**Records for this exercise:**
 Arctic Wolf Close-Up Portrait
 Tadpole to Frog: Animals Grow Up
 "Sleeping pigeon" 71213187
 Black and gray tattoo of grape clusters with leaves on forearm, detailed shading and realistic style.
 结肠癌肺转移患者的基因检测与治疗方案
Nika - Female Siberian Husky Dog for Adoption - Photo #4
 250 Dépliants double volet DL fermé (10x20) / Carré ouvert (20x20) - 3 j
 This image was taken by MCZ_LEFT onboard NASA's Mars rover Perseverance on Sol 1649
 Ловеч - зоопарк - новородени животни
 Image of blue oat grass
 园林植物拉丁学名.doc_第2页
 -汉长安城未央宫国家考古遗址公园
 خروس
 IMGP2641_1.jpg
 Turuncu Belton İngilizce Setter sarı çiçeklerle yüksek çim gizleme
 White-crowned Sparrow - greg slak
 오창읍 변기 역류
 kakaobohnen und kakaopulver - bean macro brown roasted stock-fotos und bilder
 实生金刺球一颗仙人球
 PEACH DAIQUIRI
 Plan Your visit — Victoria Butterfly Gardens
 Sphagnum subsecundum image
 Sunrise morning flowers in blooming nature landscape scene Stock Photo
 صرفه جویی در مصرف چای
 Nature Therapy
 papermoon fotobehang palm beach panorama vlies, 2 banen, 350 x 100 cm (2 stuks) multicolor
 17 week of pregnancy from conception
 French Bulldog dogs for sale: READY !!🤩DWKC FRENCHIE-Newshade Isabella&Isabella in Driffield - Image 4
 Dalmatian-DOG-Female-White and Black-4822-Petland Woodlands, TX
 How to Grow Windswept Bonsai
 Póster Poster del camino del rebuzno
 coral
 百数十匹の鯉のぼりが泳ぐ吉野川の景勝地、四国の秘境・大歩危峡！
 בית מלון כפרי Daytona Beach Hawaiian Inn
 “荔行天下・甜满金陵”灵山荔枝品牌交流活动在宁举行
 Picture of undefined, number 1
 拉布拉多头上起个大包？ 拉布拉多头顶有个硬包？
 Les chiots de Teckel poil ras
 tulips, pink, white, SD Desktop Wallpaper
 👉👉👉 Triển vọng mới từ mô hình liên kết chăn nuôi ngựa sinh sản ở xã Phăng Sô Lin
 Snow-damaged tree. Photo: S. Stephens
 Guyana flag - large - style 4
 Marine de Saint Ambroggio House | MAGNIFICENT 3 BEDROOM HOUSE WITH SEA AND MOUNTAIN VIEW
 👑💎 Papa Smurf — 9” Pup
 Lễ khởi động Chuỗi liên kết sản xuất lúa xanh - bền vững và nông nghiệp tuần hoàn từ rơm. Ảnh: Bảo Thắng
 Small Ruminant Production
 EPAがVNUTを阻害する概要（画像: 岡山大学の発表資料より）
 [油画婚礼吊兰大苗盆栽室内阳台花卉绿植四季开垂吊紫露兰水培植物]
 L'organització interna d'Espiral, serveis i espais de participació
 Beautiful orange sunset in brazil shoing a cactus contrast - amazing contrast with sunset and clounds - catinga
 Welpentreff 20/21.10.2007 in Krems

**What you need to do:** All lines from the one with "Papa Smurf —" through the final line of the listing above are to be restated word for word; the lines before it are left out.

**Solved exercise:**
 👑💎 Papa Smurf — 9” Pup
 Lễ khởi động Chuỗi liên kết sản xuất lúa xanh - bền vững và nông nghiệp tuần hoàn từ rơm. Ảnh: Bảo Thắng
 Small Ruminant Production
 EPAがVNUTを阻害する概要（画像: 岡山大学の発表資料より）
 [油画婚礼吊兰大苗盆栽室内阳台花卉绿植四季开垂吊紫露兰水培植物]
 L'organització interna d'Espiral, serveis i espais de participació
 Beautiful orange sunset in brazil shoing a cactus contrast - amazing contrast with sunset and clounds - catinga
 Welpentreff 20/21.10.2007 in Krems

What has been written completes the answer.